「ヴィム・ヴェンダース監督作品だったとは!」PERFECT DAYS Sign3121さんの映画レビュー(感想・評価)
ヴィム・ヴェンダース監督作品だったとは!
映画を見る時は、ほぼ何も情報を入れないようにして
(入っちまっても脳みそから追い出して忘れた状態で見るようにして)
そうやって見るものですから、見たあとクレジットで気づき
若い頃「パリ・テキサス」を見たことがあり、意味がわからず、何だこれは?と
名作と言われているのにわからなかった自分に自己嫌悪が襲ってきたりして
それで、ヴィム・ヴェンダース作品は自分にとって「鬼門」だったのだけど
知らず知らず見て、結果、自分も年を取ったせいか
猛烈に心に響いた。

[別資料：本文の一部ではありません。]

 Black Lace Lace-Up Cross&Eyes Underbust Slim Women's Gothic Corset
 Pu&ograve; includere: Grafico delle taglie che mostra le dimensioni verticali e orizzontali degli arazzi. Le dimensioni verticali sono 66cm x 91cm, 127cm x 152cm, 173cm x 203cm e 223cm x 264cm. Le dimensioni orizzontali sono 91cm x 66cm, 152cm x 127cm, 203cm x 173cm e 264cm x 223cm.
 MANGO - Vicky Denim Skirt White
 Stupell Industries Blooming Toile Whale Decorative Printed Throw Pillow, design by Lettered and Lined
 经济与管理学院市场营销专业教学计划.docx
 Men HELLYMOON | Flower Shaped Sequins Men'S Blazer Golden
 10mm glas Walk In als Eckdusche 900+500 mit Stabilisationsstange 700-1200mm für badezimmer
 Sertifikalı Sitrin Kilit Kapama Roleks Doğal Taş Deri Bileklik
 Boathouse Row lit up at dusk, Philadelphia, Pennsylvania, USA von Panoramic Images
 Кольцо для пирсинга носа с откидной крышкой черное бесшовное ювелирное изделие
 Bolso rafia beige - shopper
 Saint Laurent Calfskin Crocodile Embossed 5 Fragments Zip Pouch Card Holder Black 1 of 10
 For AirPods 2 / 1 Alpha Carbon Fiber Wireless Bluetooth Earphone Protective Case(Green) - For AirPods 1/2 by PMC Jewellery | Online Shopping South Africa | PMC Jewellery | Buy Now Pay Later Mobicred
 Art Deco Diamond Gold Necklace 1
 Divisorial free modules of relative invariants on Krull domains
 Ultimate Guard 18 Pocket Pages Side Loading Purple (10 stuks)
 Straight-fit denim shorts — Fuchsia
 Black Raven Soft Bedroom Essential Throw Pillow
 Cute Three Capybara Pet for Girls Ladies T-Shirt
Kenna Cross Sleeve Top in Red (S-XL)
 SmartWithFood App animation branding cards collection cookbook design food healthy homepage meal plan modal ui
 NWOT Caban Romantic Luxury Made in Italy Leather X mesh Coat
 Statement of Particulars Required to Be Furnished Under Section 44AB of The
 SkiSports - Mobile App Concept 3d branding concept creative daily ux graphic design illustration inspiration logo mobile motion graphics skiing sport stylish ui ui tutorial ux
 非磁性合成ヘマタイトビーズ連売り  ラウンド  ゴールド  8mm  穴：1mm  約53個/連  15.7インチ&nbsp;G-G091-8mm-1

音楽も風景も、俳優さんが他の演技も何もかも素晴らしかった。
(特にラストシーンの選曲と演技には目頭が熱くなりました)
自分にも毎日の暮らしのルーティンがあり
二人で暮らしていた母が入院してから半年。一人暮らしをしていて
いよいよ先日母が亡くなってしまったので、一人暮らしが本格的になった今
この作品の主人公の平山ほどではないけれど、どこかしらアナログなところも重なり
毎日が同じようで同じではない、みんな一人ひとりに世界があり
それはとても愛しく、また、尊い毎日なのだと、改めて感じて心に沁みた。
決して派手さはない、というよりむしろ地味な映画ということになるのだろうけど
これこそが「PERFECT DAYS」だと思った。
ボクにはボクの、みんなにはみんなの「PERFECT DAYS」が繰り返される。
毎日を丁寧に生き暮らす。本当に素晴らしい作品でした。
今なら「パリ・テキサス」もわかるかもしれない。そんな風に感じた。